Georgia crushed Alabama 28–7 to win the 2025 SEC Championship, ending years of title-game losses to the Tide and securing a strong College Football Playoff position.

By Milton Kirby | Atlanta, GA | December 7, 2025

The Georgia Bulldogs finally broke through.
After four straight SEC Championship losses to Alabama — and years of heartbreak inside Mercedes-Benz Stadium — Georgia ended both streaks Saturday with a commanding 28–7 win over the Crimson Tide in the 2025 SEC Championship Game.

The victory not only secures Georgia’s sixth SEC title but also strengthens their bid for a first-round bye in the College Football Playoff. Both teams entered the matchup widely expected to make the postseason field.

Early Defense, Special Teams Set the Tone

Georgia (11-1, 7-1 SEC) took the opening kickoff and immediately leaned on its physical identity. The Bulldogs’ defense smothered Alabama early, and special teams delivered the spark that shifted the game.

A blocked Alabama punt in the first quarter set up short field position, allowing Roderick Robinson II to punch in the game’s opening touchdown. Minutes later, Georgia intercepted a Tide pass, stopping Alabama’s attempt to regain momentum.
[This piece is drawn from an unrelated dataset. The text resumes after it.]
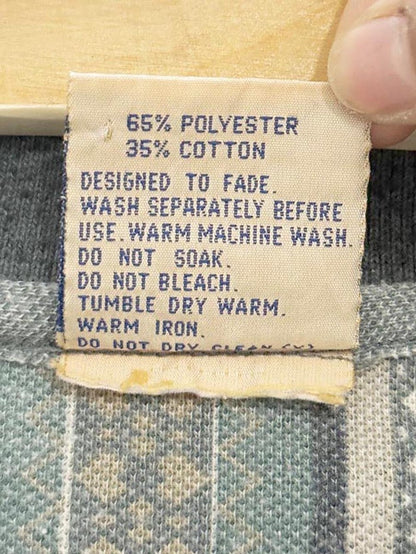 vintage 90s hang ten stripe pique polo shirt - good market thrift store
Bulldog Offense Finds Its Rhythm

In the second quarter, Georgia extended its lead when Dillon Bell hauled in a touchdown reception, putting the Bulldogs up two scores.
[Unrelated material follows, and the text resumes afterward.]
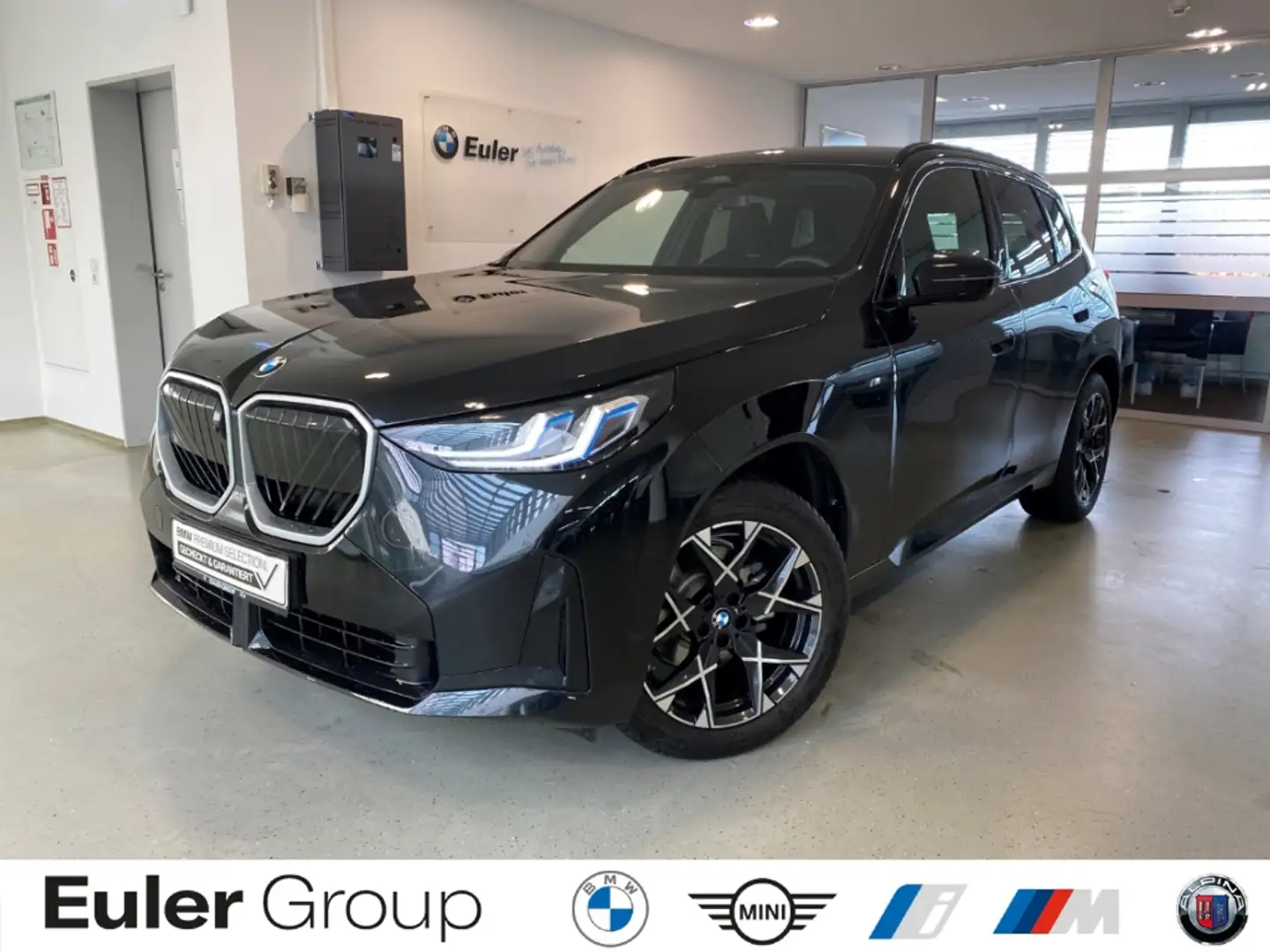 BMW X3 20d xDrive M Sport AHK Premium+Prof.Pak. H/K Memor Zwart - 1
The domination continued after halftime. Nate Frazier broke free on a nine-yard touchdown run with 10 minutes remaining in the third quarter, stretching the Georgia lead to 21–0.

Alabama Strikes Back — Briefly

Alabama (10-2, 7-1 SEC), battling injuries and missing several key players listed as questionable pre-game — including running back Jam Miller and tight ends Josh Cuevas and Danny Lewis Jr. — finally responded with a touchdown to cut the deficit to 21–7.
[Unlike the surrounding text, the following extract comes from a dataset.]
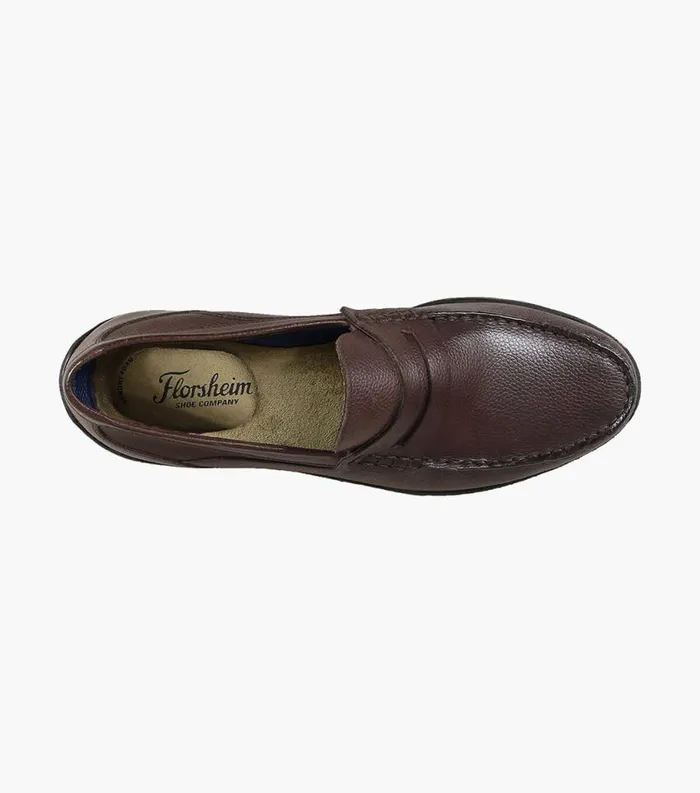 Men Creston Moc Toe Penny Driver Chocolate Florsheim Casual Shoes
But Georgia answered immediately. Zachariah Branch, who had been questionable entering the game, helped anchor the defense, and the Bulldogs’ offense kept rolling. Zachariah Branch capped another scoring drive with a 13-yard touchdown reception, pushing the score to 28–7 and sealing the championship.

Breaking the Curse

With the win, Georgia snapped a years-long streak of SEC Championship losses to Alabama and ended its losing streak to the Tide inside Mercedes-Benz Stadium. The Bulldogs — long haunted by Alabama in high-stakes moments — delivered one of the most complete title-game performances in program history.

FanFare, Festivities, and a Weekend Takeover of Atlanta

The SEC Championship once again turned downtown Atlanta into the center of the college football universe. Mercedes-Benz Stadium hosted the SEC’s title matchup for the ninth consecutive year. This marked the fifth championship meeting between Georgia and Alabama, with both teams appearing in the game roughly a dozen times each.

Phote by Milton Kirby – SEC Fansville

Thousands of fans packed the Georgia World Congress Center for the two-day Dr Pepper SEC FanFare on December 5-6. The free event included interactive games, merchandise vendors, live SEC Network shows, ESPN’s College GameDay broadcast, and a Saturday concert headlined by Ludacris.

Each school also held a pregame pep rally in Hall C on Saturday afternoon, with fans filling the space before heading into the stadium.

Mobile-Only Tickets

As part of updated stadium procedures, all tickets for the championship were fully digital. Fans were urged to download tickets to their mobile wallets in advance and review instructions at www.secsports.social/mobile.

Georgia’s performance ensured the stadium stayed red — and loud — for hours after the final whistle.

With the win, the Bulldogs leave Atlanta not only as SEC champions, but with the satisfaction of finally shutting the door on a long Alabama-shaped shadow.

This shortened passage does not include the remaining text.